DATA FOR ANALYSIS:
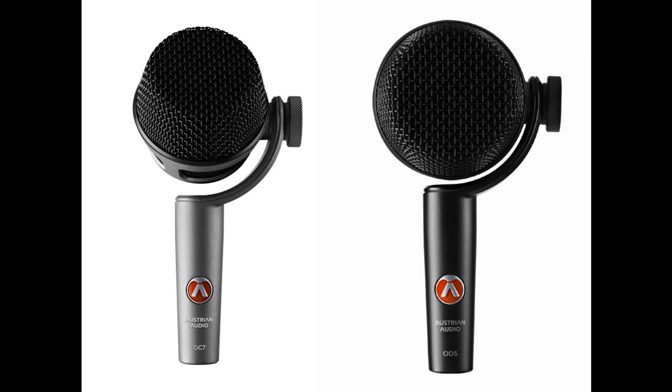As to be expected from Austrian Audio, these mics come with some special features. Most noticeable is the swivel joint mechanism. Musicians and sound techs are familiar with the problem of microphone stands that are screwed on too tightly and can hardly be reached in the forest of stands on stage. Once you finally get them loose, they lose their position completely, making fine adjustments to microphone angles by a few degrees very difficult.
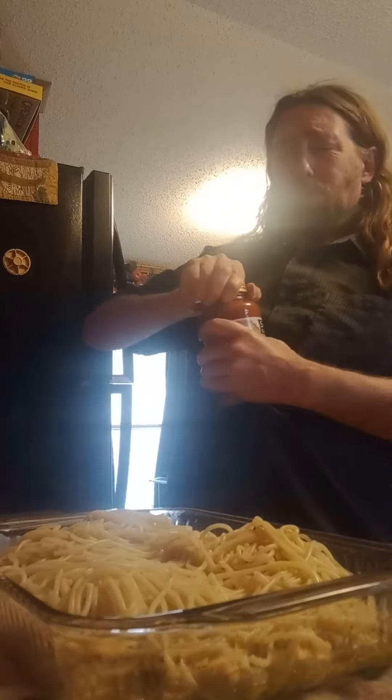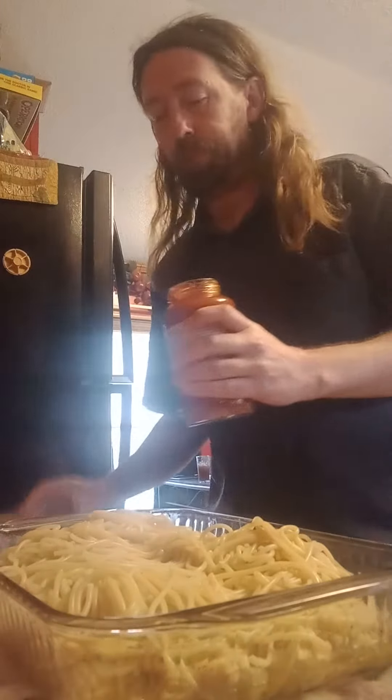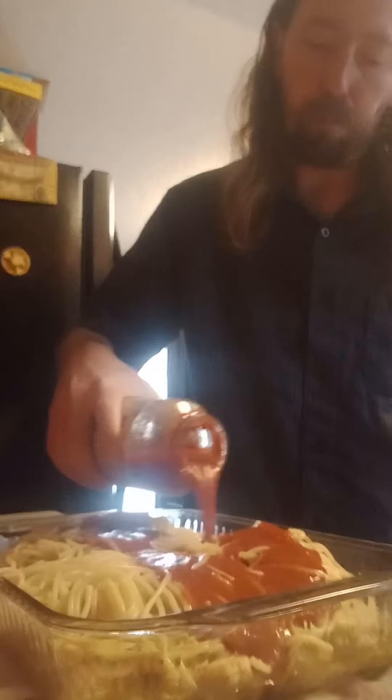Take the spaghetti, pour over the chicken. Pour the marinara with the spaghetti. Now we have marinara chicken spaghetti.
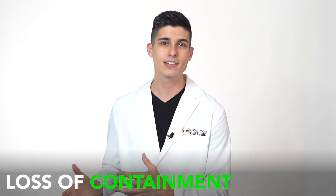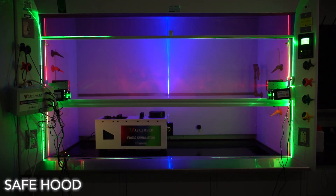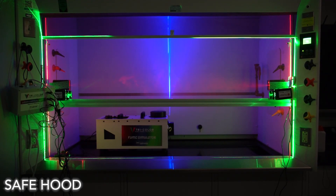If you can see green, that's loss of containment. Your hood might have a problem and should be repaired. If you don't see any green, you can be certain that your hood is performing safely.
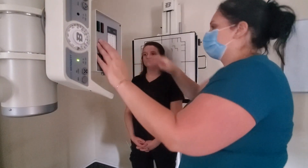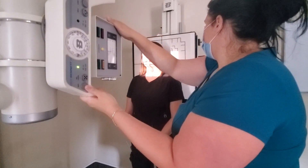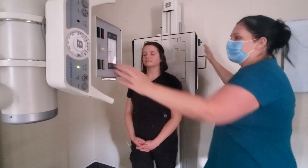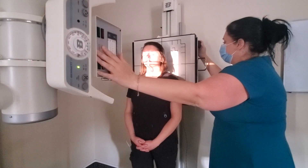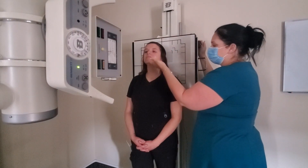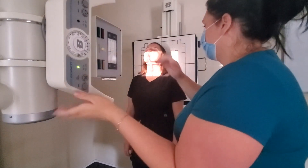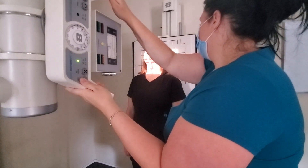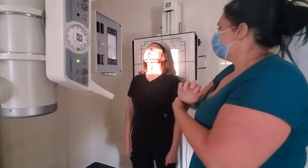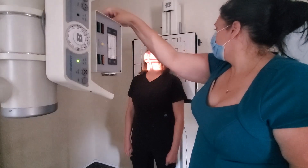I'm just going to have you close your eyes real quick and open my light field. For your first image with the Fuchs method, you're going to have your patient extend the chin upwards. The centering is going to be just distal to the tip of the chin. Touch the tube, touch the bucky — true AP — just distal to the chin.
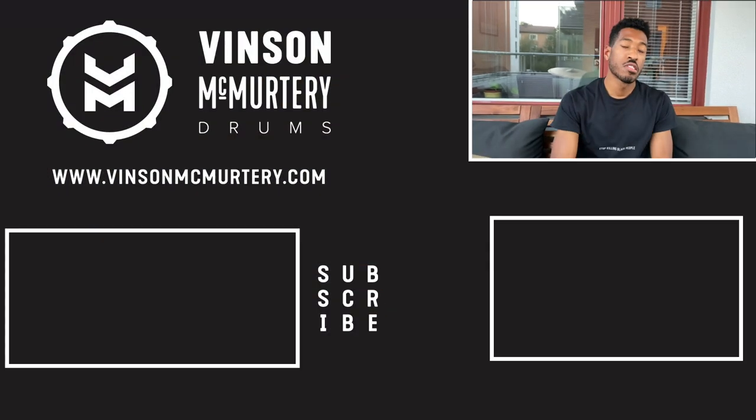That's pretty much it — just a short, simple tutorial to show you how to use these cymbals and get the most out of these beautiful instruments. If you take care of them and play things the right way, they'll last you quite a long time. If you like what you see, don't forget to subscribe and be sure to turn on your notifications for all the latest uploads.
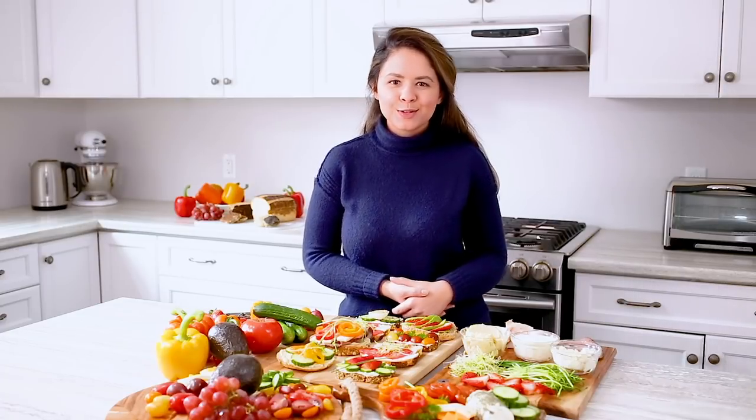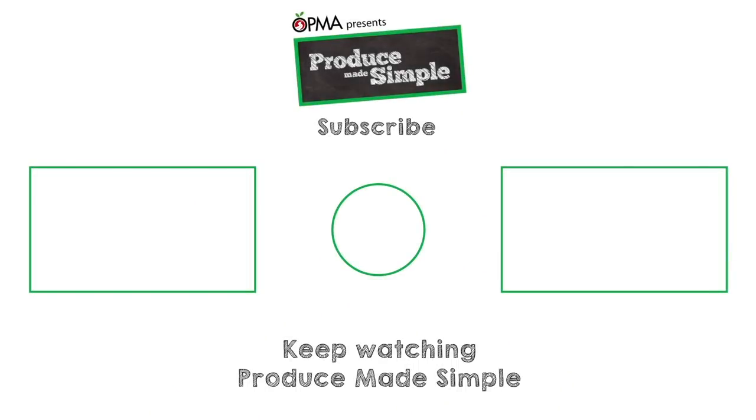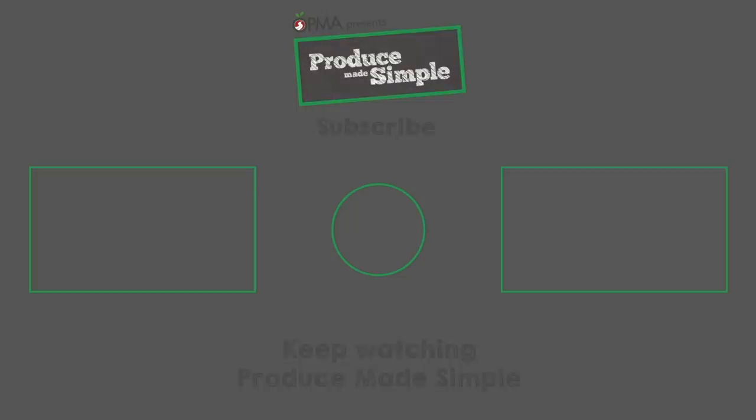Don't these look beautiful? And the best part is they come together super quick with fresh ingredients. Be sure to like, comment, and subscribe for more Produce Made Simple. See you next time!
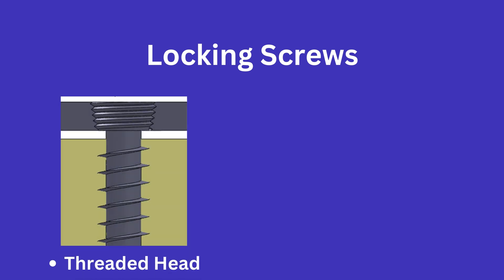A locking screw is one that has male threads on the head of the screw that fit into the female threads within a locking plate. You can see an example here. Notice how when a locking screw is placed, it is a fixed-angle construct.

EXERCISE BRIEF:
Once the line with "If you can see" is found above, print it and every line after it through the line with "Don't these look", exactly. Pictures stay out.

RESULT:
If you can see green, that's loss of containment. Your hood might have a problem and should be repaired. If you don't see any green, you can be certain that your hood is performing safely.
I'm just going to have you close your eyes real quick and open my light field. For your first image with the Fuchs method, you're going to have your patient extend the chin upwards. The centering is going to be just distal to the tip of the chin. Touch the tube, touch the bucky — true AP — just distal to the chin.
That's pretty much it — just a short, simple tutorial to show you how to use these cymbals and get the most out of these beautiful instruments. If you take care of them and play things the right way, they'll last you quite a long time. If you like what you see, don't forget to subscribe and be sure to turn on your notifications for all the latest uploads.
Don't these look beautiful? And the best part is they come together super quick with fresh ingredients. Be sure to like, comment, and subscribe for more Produce Made Simple. See you next time!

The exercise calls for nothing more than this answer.